**Available data**
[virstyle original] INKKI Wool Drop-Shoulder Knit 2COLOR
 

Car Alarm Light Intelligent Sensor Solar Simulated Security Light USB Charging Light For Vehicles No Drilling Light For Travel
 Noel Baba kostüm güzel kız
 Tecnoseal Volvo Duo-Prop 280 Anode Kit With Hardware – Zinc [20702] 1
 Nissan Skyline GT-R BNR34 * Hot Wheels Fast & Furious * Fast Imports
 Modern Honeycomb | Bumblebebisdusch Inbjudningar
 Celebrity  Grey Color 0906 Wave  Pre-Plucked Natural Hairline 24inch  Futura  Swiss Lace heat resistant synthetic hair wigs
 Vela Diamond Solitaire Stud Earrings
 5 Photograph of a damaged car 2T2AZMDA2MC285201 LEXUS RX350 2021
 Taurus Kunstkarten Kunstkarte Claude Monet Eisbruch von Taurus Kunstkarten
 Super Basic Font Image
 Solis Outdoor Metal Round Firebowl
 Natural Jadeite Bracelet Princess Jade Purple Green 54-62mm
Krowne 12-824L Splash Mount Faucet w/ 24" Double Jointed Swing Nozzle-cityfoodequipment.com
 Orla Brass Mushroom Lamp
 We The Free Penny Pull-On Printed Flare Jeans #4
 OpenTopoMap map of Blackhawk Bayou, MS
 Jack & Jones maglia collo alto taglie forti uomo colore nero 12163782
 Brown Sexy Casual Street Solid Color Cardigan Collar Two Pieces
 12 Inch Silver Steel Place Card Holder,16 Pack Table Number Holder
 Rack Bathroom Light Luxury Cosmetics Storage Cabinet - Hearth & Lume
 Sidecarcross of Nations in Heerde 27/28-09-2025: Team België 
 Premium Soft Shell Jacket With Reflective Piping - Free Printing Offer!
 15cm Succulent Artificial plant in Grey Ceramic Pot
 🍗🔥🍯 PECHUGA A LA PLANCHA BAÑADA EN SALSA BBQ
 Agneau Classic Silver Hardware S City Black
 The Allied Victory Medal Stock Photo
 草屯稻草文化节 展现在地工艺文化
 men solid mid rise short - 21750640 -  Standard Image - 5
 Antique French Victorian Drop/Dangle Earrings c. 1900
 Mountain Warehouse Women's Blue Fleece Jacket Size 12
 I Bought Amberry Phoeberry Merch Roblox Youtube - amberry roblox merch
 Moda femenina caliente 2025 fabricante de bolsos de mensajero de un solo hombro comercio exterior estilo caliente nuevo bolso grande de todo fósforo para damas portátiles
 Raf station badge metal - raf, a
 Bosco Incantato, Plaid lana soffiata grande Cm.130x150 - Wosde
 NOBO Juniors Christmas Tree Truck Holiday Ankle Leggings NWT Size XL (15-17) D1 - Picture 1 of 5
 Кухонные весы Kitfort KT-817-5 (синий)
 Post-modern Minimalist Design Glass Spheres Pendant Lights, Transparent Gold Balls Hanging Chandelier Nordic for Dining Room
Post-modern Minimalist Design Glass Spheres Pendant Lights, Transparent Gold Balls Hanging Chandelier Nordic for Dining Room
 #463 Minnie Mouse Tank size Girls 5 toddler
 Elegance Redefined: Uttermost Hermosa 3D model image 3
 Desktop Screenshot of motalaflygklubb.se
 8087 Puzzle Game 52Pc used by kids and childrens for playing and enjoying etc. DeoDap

**Task statement**
Of all the entries above, retype exactly the lines from the line with "Natural Jadeite Bracelet" to the line with "Кухонные весы Kitfort KT-817-5 (синий)", both included, and no others.

**Solution to this task**
 Natural Jadeite Bracelet Princess Jade Purple Green 54-62mm
Krowne 12-824L Splash Mount Faucet w/ 24" Double Jointed Swing Nozzle-cityfoodequipment.com
 Orla Brass Mushroom Lamp
 We The Free Penny Pull-On Printed Flare Jeans #4
 OpenTopoMap map of Blackhawk Bayou, MS
 Jack & Jones maglia collo alto taglie forti uomo colore nero 12163782
 Brown Sexy Casual Street Solid Color Cardigan Collar Two Pieces
 12 Inch Silver Steel Place Card Holder,16 Pack Table Number Holder
 Rack Bathroom Light Luxury Cosmetics Storage Cabinet - Hearth & Lume
 Sidecarcross of Nations in Heerde 27/28-09-2025: Team België 
 Premium Soft Shell Jacket With Reflective Piping - Free Printing Offer!
 15cm Succulent Artificial plant in Grey Ceramic Pot
 🍗🔥🍯 PECHUGA A LA PLANCHA BAÑADA EN SALSA BBQ
 Agneau Classic Silver Hardware S City Black
 The Allied Victory Medal Stock Photo
 草屯稻草文化节 展现在地工艺文化
 men solid mid rise short - 21750640 -  Standard Image - 5
 Antique French Victorian Drop/Dangle Earrings c. 1900
 Mountain Warehouse Women's Blue Fleece Jacket Size 12
 I Bought Amberry Phoeberry Merch Roblox Youtube - amberry roblox merch
 Moda femenina caliente 2025 fabricante de bolsos de mensajero de un solo hombro comercio exterior estilo caliente nuevo bolso grande de todo fósforo para damas portátiles
 Raf station badge metal - raf, a
 Bosco Incantato, Plaid lana soffiata grande Cm.130x150 - Wosde
 NOBO Juniors Christmas Tree Truck Holiday Ankle Leggings NWT Size XL (15-17) D1 - Picture 1 of 5
 Кухонные весы Kitfort KT-817-5 (синий)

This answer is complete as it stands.